Yea, the idea jumped the shark awhile ago, it's descending into the realm of the ridiculous now.


----------



## Scba (Nov 20, 2004)

I'm okay with different colorizations, but the stripes are just plain ugly. That needs to be outlawed.


----------



## matthemod (Apr 8, 2008)

I think the Oxford and Central Arkansas ones are ok, but the Eastern and LU ones are eyesores.


----------



## ihav3nofri3ndzz (Feb 17, 2009)

well, I like the LU one. I LOVE the gray/silver and the red is easy on the eyes. I think they are all pretty alright. I was skeptical about the EWU field, but I've seen it in person, and it's about the nicest thing in that town/on that campus. I was sold. It's pretty cool.


----------



## Double Duty (Aug 20, 2012)

Blue turf at Hosei University in Tokyo, Japan:


----------



## ihav3nofri3ndzz (Feb 17, 2009)

Double Duty said:


> Blue turf at Hosei University in Tokyo, Japan:


allowed by Boise State of course.


----------



## Double Duty (Aug 20, 2012)

We forgot to add this one (thanks to JB_1984):


----------



## Scba (Nov 20, 2004)

Boise and Hosei have had a partnership for a few years now, not too surprising.


----------



## will101 (Jan 16, 2011)

West Salem High School in Salem, Oregon, has debuted a black football field.

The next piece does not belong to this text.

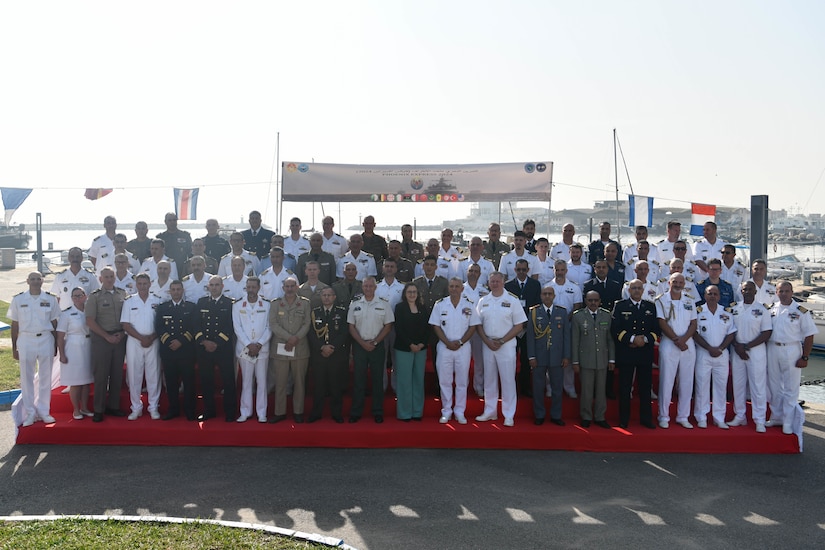 A large group of people pose for a photo.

Next time I'm up there (and assuming that I have figured out how to post pictures here by then) I'll take some shots. In the mean time, here is the link from the local paper:

http://www.statesmanjournal.com/art.../308310045/West-Salem-installs-new-black-turf


----------



## Lakeland (Mar 8, 2012)

Coastal Carolina installing Surf Turf
http://collegefootballtalk.nbcsport...coastal-carolina-installing-surf-turf-photos/









https://twitter.com/cashionj68/status/584065232378720256


----------



## eric the midget (Feb 24, 2014)

That one's not too bad. Sort of looks like classic astro turf.


----------